Exercise prompt
Beginning with the first line of the entries below, quote each line until you reach and include the line with "Shop Fendi Colibri".

Provided information
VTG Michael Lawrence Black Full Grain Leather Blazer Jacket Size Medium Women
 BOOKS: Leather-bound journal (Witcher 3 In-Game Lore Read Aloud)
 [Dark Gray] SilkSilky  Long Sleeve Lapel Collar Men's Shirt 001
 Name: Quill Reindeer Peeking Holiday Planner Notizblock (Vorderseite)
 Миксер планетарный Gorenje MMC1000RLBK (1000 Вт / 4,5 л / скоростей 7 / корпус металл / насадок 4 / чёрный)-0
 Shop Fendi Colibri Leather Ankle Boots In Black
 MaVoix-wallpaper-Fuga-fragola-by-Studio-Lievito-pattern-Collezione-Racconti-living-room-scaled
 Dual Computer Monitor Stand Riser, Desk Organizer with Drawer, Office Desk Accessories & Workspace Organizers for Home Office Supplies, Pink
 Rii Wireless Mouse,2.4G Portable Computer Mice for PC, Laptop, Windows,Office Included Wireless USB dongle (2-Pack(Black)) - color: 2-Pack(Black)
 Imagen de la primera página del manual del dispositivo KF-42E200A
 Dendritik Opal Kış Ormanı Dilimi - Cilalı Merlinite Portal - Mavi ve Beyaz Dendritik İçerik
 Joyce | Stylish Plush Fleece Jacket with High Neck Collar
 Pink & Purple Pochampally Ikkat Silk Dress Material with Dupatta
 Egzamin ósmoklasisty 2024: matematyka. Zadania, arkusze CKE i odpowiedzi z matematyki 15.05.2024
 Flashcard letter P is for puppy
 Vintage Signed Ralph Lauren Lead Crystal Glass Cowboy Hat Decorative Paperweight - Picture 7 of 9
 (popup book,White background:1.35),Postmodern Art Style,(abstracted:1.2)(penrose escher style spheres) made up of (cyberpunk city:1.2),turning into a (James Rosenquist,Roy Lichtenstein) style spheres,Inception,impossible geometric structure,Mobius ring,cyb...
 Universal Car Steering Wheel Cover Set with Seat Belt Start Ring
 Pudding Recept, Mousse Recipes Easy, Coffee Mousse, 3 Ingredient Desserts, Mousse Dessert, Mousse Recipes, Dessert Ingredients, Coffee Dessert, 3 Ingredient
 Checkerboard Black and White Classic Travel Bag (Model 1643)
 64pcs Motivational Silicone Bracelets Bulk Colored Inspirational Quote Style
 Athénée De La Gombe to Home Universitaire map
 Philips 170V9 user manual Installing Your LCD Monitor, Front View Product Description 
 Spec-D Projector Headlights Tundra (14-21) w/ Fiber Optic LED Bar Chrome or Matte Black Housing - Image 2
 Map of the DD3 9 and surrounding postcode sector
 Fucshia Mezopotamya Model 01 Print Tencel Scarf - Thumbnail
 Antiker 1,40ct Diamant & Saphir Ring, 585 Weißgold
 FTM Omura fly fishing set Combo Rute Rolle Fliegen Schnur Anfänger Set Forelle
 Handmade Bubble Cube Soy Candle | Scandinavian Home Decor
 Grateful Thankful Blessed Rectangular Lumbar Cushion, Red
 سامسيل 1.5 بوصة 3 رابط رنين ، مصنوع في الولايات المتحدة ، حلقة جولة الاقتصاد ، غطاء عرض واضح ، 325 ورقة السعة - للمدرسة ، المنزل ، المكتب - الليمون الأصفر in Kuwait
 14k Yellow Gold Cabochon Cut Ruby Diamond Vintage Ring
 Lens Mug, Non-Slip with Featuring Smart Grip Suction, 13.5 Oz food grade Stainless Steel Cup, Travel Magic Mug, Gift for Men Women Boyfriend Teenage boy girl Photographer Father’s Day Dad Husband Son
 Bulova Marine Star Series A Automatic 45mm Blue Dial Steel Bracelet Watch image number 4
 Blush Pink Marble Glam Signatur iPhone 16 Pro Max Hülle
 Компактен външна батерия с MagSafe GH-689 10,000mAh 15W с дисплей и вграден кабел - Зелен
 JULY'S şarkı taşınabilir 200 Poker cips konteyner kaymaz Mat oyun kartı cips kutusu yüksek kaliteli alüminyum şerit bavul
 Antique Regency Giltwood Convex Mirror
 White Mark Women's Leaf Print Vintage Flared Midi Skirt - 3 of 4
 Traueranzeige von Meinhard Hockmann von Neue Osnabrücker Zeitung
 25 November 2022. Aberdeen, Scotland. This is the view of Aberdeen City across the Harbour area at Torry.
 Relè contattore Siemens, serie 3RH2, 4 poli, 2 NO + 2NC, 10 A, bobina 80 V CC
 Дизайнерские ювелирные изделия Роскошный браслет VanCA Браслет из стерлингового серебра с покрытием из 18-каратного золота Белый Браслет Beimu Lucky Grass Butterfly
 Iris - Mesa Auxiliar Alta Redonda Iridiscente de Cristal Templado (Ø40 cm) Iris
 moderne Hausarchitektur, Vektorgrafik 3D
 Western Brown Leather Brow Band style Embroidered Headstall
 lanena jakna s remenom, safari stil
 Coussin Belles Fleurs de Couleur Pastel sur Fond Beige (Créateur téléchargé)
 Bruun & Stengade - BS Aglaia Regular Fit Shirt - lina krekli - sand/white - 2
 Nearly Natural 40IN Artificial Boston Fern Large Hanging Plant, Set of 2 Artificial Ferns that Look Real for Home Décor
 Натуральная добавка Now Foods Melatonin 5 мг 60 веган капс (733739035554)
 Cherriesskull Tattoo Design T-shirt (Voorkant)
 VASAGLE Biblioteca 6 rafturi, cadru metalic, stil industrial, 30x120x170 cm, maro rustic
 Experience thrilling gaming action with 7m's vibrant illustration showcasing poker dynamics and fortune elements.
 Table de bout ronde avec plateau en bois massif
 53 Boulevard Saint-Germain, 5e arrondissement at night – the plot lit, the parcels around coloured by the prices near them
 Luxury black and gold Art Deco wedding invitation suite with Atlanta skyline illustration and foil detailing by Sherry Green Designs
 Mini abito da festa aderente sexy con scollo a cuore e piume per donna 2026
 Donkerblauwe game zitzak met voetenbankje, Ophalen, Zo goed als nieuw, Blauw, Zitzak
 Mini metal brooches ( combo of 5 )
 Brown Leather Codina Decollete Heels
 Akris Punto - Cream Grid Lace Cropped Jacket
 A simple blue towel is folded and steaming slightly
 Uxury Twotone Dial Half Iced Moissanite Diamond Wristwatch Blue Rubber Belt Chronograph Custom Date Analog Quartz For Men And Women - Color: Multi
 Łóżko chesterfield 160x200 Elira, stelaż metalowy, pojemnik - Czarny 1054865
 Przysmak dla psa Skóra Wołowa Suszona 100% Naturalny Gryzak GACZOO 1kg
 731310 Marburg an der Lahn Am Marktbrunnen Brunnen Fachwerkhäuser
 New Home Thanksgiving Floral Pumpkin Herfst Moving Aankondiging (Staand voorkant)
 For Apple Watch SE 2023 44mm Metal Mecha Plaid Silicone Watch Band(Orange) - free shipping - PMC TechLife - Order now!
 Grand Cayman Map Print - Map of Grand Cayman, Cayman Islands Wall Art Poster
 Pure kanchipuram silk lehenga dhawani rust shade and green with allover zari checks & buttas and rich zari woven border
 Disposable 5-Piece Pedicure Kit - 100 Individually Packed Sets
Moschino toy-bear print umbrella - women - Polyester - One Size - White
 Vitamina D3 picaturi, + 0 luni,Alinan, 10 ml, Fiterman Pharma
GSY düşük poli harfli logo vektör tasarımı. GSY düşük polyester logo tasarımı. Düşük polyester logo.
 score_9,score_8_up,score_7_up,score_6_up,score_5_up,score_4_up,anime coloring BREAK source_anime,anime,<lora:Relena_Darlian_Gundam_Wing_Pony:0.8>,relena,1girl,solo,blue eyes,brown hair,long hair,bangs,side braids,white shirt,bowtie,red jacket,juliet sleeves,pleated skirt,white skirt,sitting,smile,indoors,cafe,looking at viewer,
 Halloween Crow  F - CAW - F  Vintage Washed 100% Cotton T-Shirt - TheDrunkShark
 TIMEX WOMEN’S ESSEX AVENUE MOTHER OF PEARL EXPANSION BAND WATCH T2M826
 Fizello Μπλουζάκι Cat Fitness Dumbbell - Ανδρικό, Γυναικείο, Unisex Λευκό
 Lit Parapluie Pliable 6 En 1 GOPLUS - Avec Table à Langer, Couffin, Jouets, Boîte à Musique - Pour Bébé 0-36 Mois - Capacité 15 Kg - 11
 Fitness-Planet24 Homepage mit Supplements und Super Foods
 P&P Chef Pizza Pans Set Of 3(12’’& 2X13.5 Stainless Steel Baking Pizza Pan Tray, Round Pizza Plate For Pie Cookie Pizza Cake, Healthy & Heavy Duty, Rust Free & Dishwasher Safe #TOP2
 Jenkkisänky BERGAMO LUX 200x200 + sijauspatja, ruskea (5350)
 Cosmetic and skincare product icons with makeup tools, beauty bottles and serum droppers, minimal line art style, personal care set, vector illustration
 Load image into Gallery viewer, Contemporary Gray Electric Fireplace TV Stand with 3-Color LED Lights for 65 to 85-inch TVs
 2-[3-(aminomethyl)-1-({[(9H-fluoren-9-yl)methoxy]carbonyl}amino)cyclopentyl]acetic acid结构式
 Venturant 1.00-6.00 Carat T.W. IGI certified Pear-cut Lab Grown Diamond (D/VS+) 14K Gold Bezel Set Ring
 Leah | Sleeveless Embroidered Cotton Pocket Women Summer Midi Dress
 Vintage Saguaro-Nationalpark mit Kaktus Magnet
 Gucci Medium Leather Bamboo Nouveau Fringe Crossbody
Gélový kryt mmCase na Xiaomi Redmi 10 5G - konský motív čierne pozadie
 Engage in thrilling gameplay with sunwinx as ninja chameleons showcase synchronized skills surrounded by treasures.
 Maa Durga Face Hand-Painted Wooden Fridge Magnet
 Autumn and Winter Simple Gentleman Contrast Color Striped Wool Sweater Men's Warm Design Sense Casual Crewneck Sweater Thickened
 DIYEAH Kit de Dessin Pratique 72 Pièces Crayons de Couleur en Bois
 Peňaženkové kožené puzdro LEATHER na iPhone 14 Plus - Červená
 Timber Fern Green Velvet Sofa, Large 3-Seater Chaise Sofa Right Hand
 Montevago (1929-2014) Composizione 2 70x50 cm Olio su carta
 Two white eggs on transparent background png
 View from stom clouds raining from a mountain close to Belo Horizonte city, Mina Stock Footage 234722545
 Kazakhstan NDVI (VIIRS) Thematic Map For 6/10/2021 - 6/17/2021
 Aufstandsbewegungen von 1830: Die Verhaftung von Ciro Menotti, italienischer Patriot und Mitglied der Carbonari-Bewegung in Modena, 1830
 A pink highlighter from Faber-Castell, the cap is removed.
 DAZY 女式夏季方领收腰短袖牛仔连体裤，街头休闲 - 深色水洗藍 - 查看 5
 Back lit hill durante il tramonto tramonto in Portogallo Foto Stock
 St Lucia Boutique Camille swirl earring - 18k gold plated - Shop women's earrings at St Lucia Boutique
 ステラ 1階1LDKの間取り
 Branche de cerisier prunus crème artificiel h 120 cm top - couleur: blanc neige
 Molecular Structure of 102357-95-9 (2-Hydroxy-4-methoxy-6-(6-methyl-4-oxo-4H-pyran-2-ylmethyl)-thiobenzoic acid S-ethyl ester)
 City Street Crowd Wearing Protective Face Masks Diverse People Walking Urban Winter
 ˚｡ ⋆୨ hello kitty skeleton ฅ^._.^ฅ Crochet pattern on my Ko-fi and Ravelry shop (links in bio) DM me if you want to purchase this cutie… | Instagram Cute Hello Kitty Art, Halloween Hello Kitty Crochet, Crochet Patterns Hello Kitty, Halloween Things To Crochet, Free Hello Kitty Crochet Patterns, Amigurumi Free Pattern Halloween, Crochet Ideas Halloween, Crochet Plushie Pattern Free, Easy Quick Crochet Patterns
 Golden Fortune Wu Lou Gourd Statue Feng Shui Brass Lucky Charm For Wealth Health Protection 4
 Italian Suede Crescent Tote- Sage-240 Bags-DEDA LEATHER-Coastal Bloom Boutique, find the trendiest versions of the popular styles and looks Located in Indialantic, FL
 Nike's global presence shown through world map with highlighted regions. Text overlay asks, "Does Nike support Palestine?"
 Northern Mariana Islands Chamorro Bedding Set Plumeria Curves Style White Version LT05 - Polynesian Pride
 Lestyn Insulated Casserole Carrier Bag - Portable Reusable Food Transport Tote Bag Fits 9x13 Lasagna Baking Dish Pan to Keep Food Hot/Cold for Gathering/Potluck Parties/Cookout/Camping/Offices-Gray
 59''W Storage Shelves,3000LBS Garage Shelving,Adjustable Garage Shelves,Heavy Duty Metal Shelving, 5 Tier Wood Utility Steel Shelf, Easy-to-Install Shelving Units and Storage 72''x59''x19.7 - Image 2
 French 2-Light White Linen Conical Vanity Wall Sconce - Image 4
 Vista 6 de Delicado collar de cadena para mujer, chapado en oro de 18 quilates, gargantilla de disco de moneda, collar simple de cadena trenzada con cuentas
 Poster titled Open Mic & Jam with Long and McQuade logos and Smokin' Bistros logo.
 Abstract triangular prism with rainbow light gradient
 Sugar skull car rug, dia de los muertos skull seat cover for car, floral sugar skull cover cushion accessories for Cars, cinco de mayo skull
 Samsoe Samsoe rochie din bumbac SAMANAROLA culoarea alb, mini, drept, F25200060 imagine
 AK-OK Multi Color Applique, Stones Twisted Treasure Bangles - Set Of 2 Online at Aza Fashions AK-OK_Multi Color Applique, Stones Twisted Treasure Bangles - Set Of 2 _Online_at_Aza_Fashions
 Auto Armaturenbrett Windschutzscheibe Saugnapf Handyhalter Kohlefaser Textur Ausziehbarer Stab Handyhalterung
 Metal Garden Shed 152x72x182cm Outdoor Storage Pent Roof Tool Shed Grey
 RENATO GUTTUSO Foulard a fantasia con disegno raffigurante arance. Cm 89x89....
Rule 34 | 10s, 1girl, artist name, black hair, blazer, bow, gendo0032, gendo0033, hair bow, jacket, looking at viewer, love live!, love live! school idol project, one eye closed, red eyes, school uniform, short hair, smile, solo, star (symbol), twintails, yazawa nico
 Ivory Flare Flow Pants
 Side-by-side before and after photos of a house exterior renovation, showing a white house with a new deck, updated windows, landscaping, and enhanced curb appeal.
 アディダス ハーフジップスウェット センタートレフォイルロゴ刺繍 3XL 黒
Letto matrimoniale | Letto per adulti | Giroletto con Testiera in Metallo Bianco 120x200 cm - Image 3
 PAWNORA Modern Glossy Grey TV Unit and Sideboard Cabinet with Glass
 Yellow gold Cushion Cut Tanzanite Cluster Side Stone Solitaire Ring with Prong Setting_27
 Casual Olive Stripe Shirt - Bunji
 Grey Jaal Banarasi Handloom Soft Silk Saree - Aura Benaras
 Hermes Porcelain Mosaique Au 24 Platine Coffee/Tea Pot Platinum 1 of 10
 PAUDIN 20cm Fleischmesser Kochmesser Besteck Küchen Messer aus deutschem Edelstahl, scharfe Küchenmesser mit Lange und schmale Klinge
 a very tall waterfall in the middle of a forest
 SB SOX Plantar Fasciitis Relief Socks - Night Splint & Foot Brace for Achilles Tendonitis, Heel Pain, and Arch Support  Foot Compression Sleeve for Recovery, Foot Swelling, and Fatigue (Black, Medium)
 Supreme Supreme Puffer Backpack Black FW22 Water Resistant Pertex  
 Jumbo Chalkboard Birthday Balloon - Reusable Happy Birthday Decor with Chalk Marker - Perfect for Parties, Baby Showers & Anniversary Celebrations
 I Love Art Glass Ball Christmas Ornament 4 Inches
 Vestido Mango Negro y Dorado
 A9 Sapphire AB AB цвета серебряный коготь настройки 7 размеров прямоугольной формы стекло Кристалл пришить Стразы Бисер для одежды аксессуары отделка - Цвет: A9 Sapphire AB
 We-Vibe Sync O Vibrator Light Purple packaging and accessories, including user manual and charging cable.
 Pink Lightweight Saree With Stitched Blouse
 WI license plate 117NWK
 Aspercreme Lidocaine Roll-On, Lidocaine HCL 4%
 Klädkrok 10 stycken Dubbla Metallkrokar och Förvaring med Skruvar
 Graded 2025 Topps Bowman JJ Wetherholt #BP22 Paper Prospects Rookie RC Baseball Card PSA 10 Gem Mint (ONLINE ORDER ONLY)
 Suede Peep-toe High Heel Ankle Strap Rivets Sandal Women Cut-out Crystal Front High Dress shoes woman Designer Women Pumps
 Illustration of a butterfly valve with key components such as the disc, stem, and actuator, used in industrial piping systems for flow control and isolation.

Expected output
VTG Michael Lawrence Black Full Grain Leather Blazer Jacket Size Medium Women
 BOOKS: Leather-bound journal (Witcher 3 In-Game Lore Read Aloud)
 [Dark Gray] SilkSilky  Long Sleeve Lapel Collar Men's Shirt 001
 Name: Quill Reindeer Peeking Holiday Planner Notizblock (Vorderseite)
 Миксер планетарный Gorenje MMC1000RLBK (1000 Вт / 4,5 л / скоростей 7 / корпус металл / насадок 4 / чёрный)-0
 Shop Fendi Colibri Leather Ankle Boots In Black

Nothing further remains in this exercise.